Part of Series
Winifred Eagle and Birdie Peacock, white witches of Windsor, are preparing for the opening of their new bookshop, which will specialize in crime fiction. So perhaps they are extra-sensitive to the mystery that is currently dominating local news - the disappearance of two Windsor women. But they would be even more disturbed if they knew what Chief Superintendent Charmian Daniels now knows - that four other women have gone missing from the surrounding areas. And that with every disappearance the local police have received a letter containing the victim's name and one of her possessions.
Author
Gwendoline Williams Butler (aka Gwendoline Butler) Gwendoline Williams was born on 19th August 1922 in South London, England, UK, daughter of Alice (Lee) and Alfred Edward Williams, her younger twin brothers are also authors. Educated at Lady Margaret Hall, Oxford, where she read History, and later lectured there. On 16th October 1949, she married Dr Lionel Harry Butler (1923-1981), a professor of medieval history at University of St.
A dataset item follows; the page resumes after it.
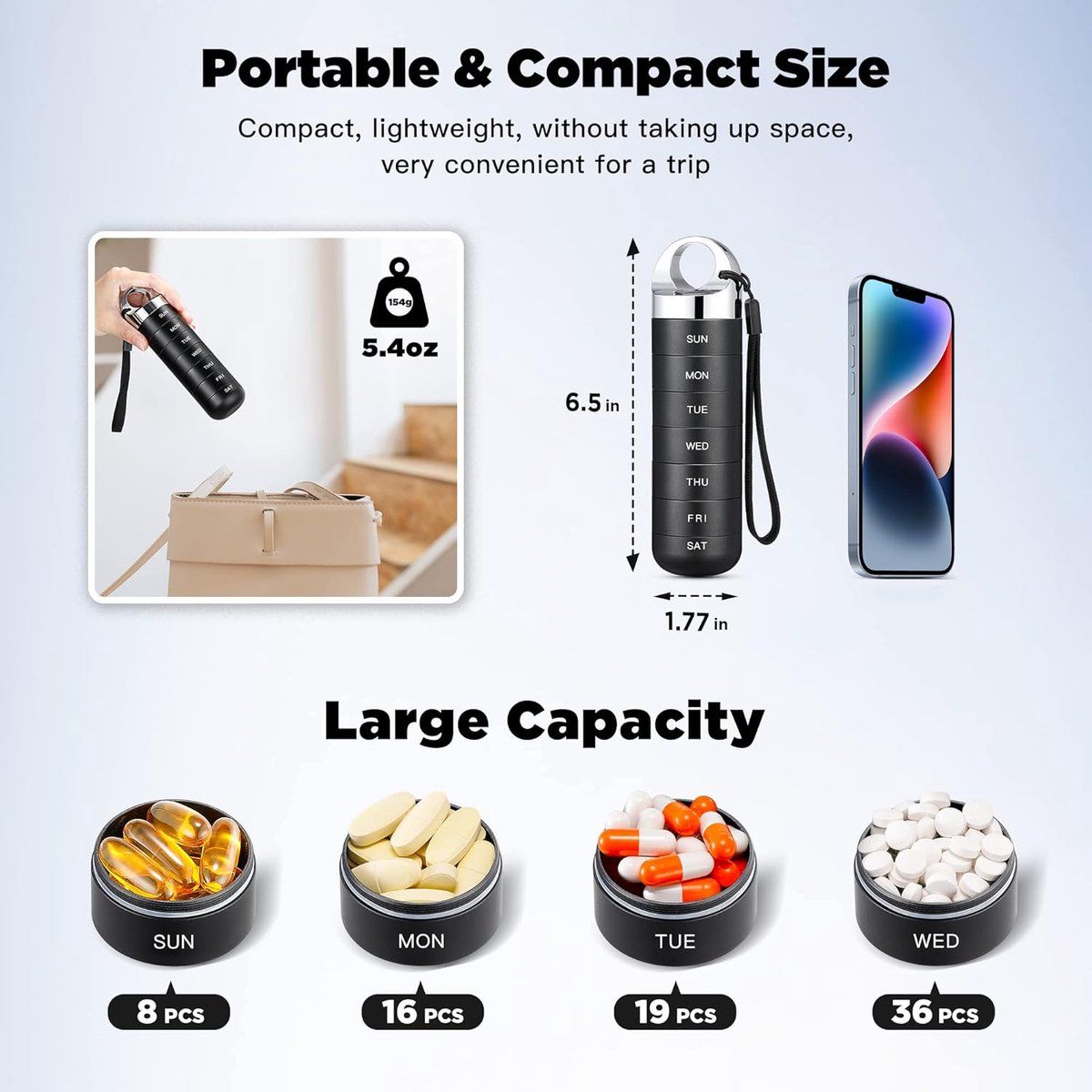 Metal Travel Pill Box, Portable Waterproof Weekly Pill Box, Large Aluminum Alloy Pill Holder, for Vitamins, Fish Oil, Supplements, Black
Andrews and historian, Fellow of All Souls and Principal of Royal Holloway College. The marriage had a daughter, Lucilla Butler. In 1956, she started to published John Coffin novels under her married name, Gwendoline Butler. In 1962, she decided used her grandmother's name, Jennie Melville as pseudonym to sing her Charmian Daniels novels. She was credited for inventing the "woman's police procedural". In addition to her mystery series, she also wrote romantic novels. In 1981, her novel The Red Staircase won the Romantic Novel of the Year Award by the Romantic Novelists' Association.